Can you tell me who did the fantastic production on the new album?

I did it myself with help from our guitar player, Sami J., who is also a producer. Of course, all the band members had their input on each song.

Who are the principal songwriters in the band and how does the process work?

I am the main song writer and everything goes through me but everyone can bring their ideas; Nick gave us a couple of songs.

Who are the main bands that have influenced Stala & So.?

Kiss, Whitesnake, Mötley Crüe, Foo Fighters, Europe, Bon Jovi, Skid Row, Ratt, Foreigner... You name it.

Have you found reference to your previous band Lordi a help or hindrance over the years?

It helps, of course. The music is not that different; it is still Melodic Hard Rock. We have lots of fans who like both bands, Lordi and Stala & So.

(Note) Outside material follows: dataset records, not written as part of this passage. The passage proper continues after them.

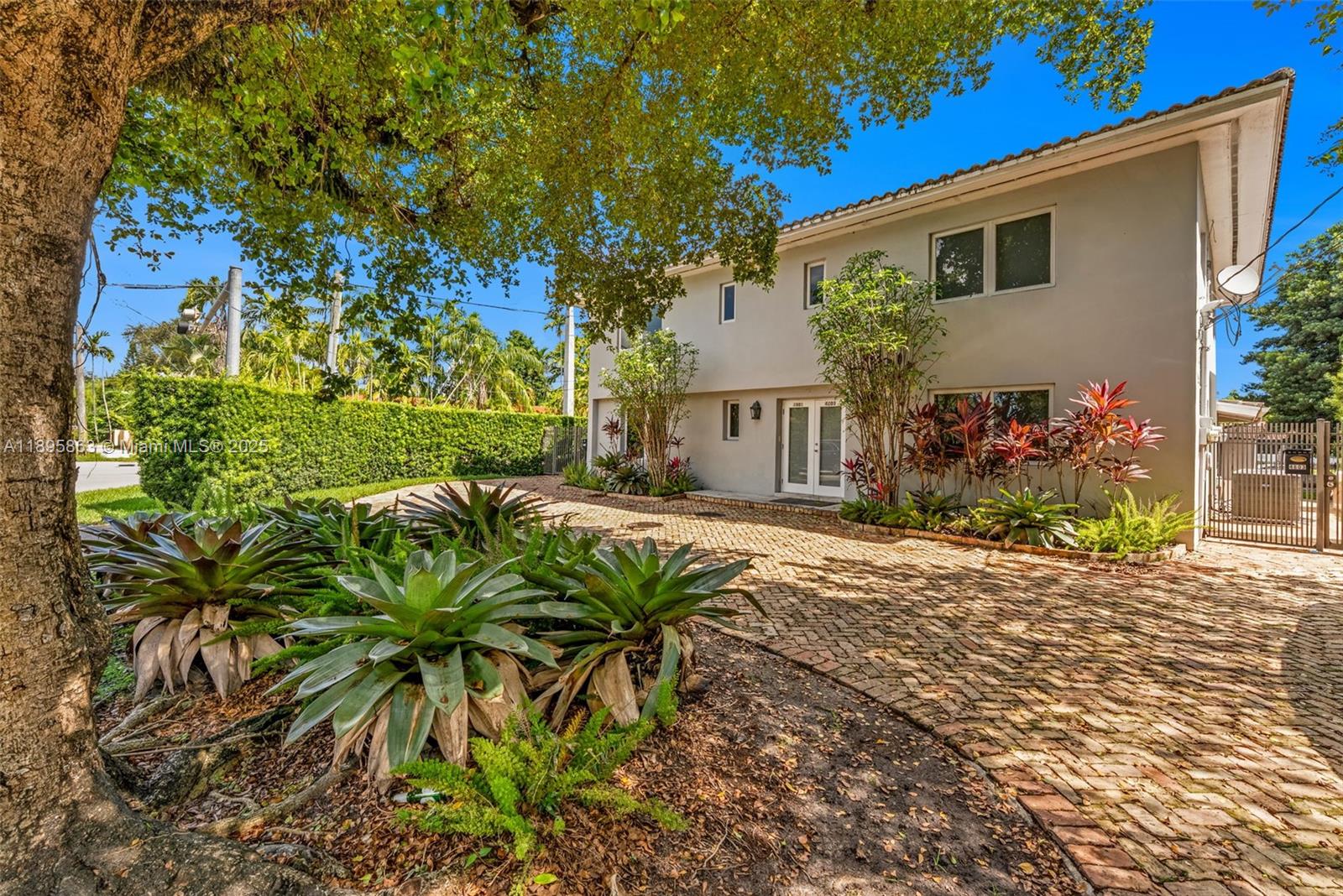 4801 University Dr, Coral Gables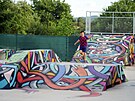 l Vrazn tahy sprejem zpestily beton novho skateparku u fotbalovho stadionu...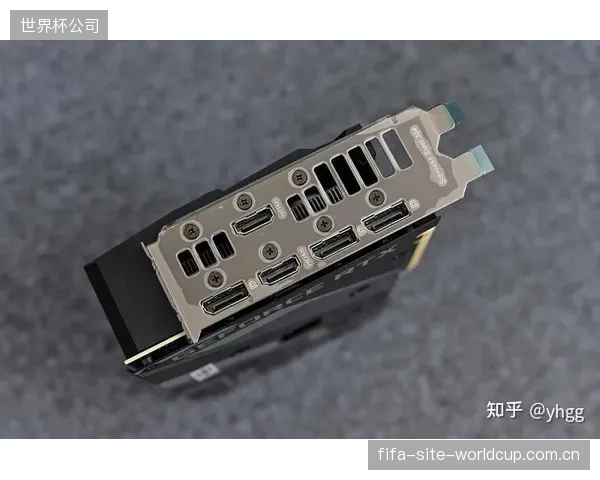 BLAST春季总决赛发现，华硕ROG的8K补偿技术甚至优化了OB视角下的指针平滑度，缓解了转播卡顿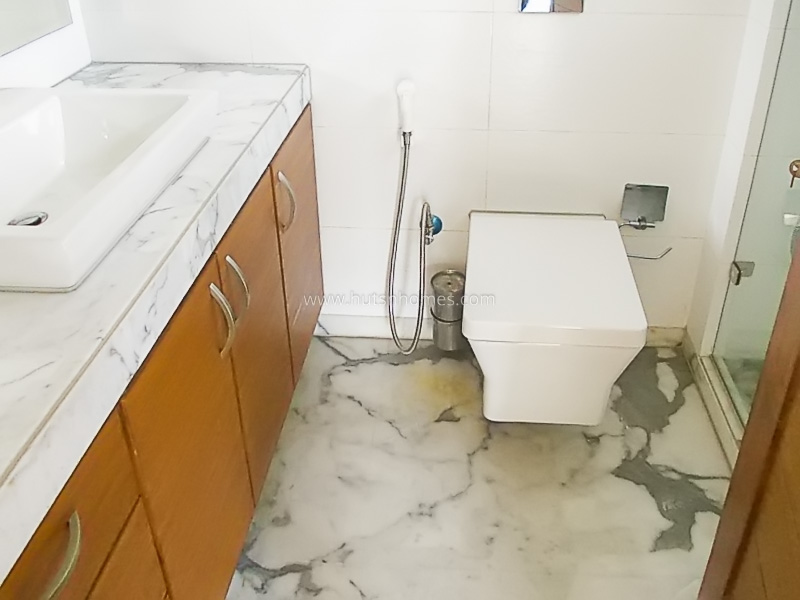 3 BHK Flat For Rent in Defence Colony
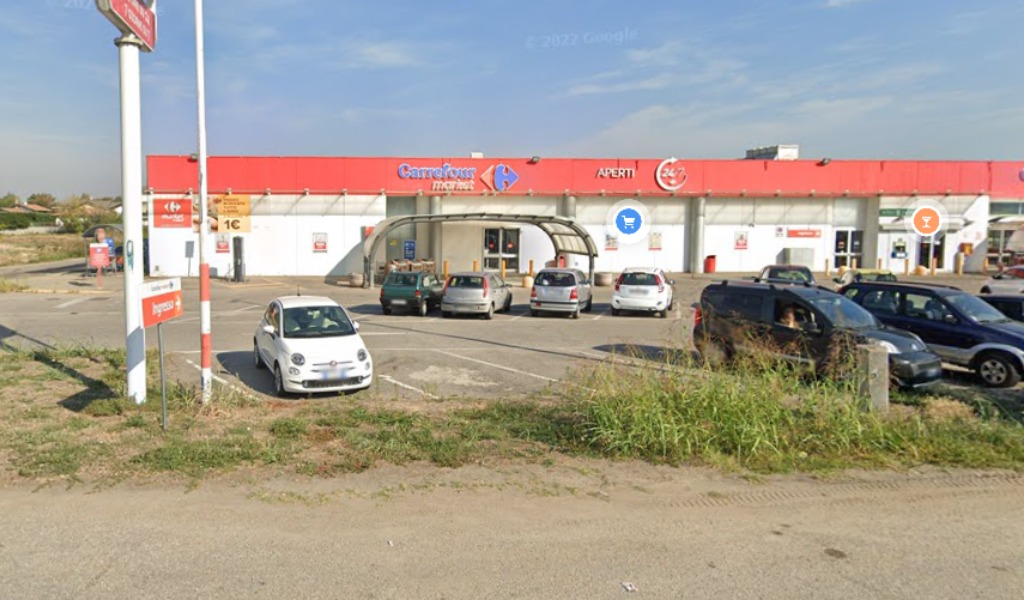 Rubano capi d’abbigliamento e alimentari, poi aggrediscono la cassiera per guadagnarsi la fuga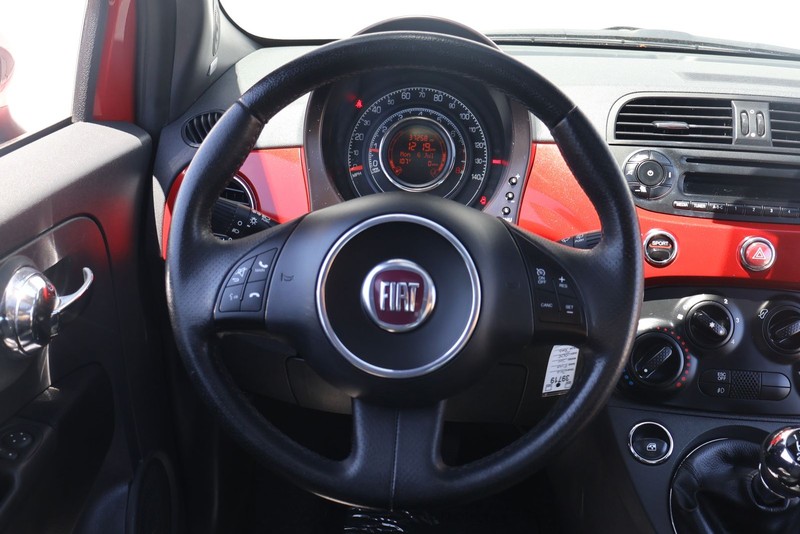 FIAT 500 Vehicle Full-screen Gallery Image 23
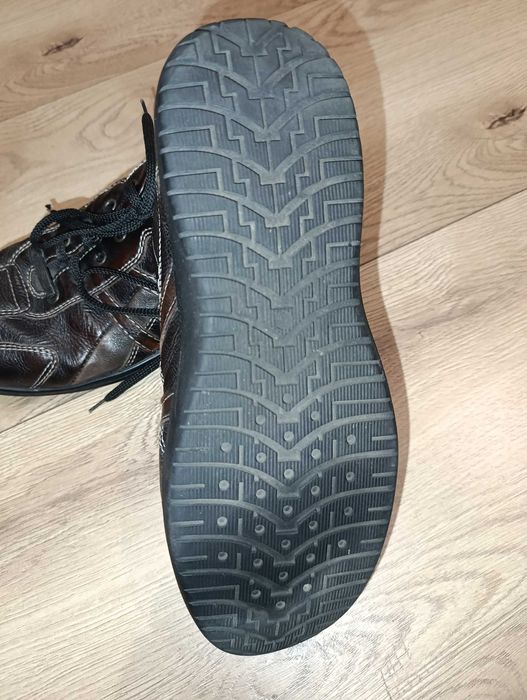 Buty Zen się, brązowe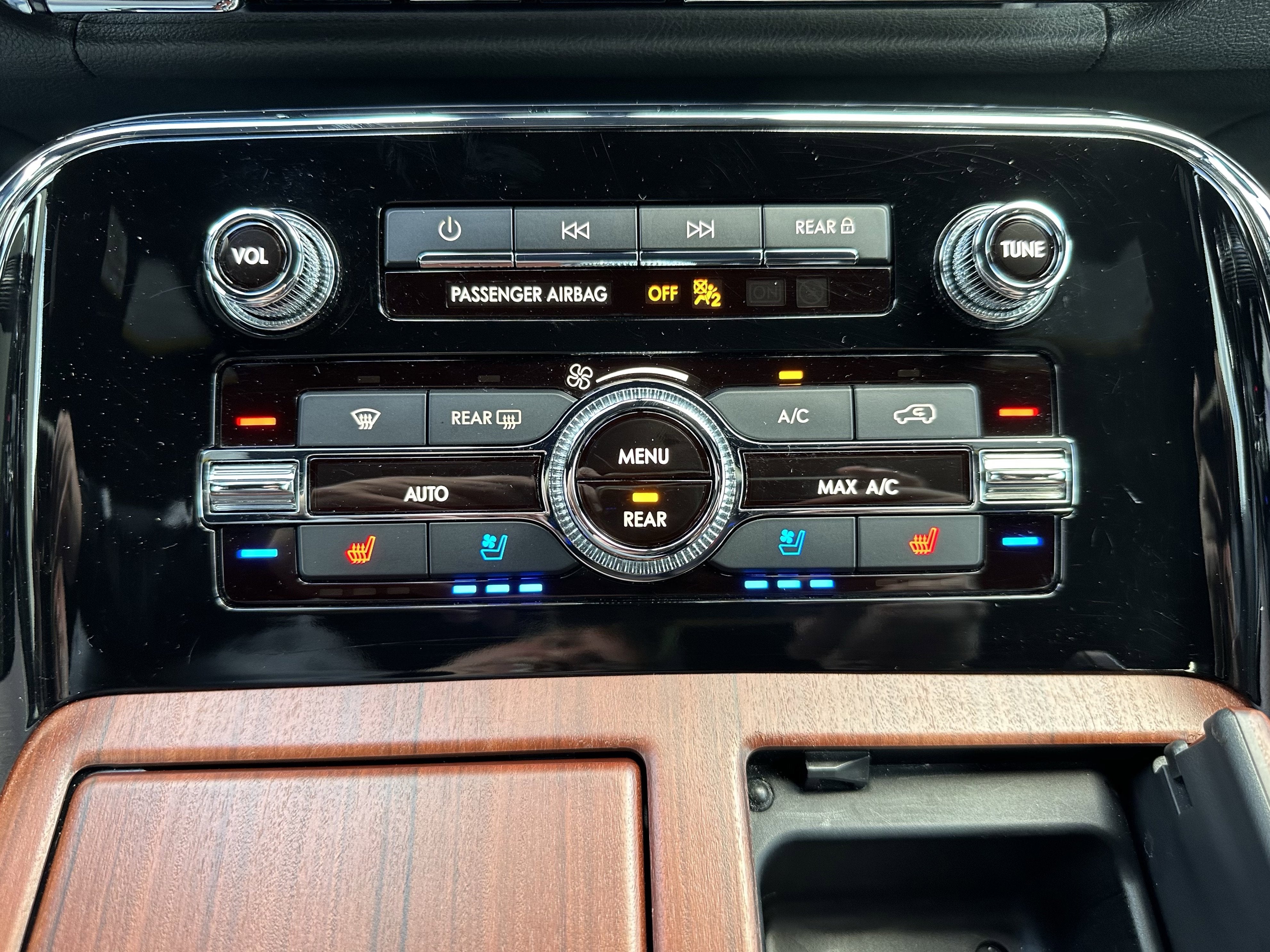 2023 Lincoln Navigator L Reserve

How is the Rock scene in Finland?

It is pretty bad, at least business wise. Of course, there are some great bands but radio does not play any minor or Indie bands anymore.

I presume that you will be touring when the new album comes out. Do any of your plans include UK dates?

We are trying our best to come to the UK. We have been there twice and it has been wonderful. I think we need to find a good supporting slot first. Any good ideas?

You mention on your website that you are all about making music professionally but having fun whilst doing it. Does that ethos remain as strong now as it always has?

If it is not fun then there is no use doing it. I mean, we do not get enough money doing this; that is why it needs to be fun at least.

Stala & So. is available on Escape Music.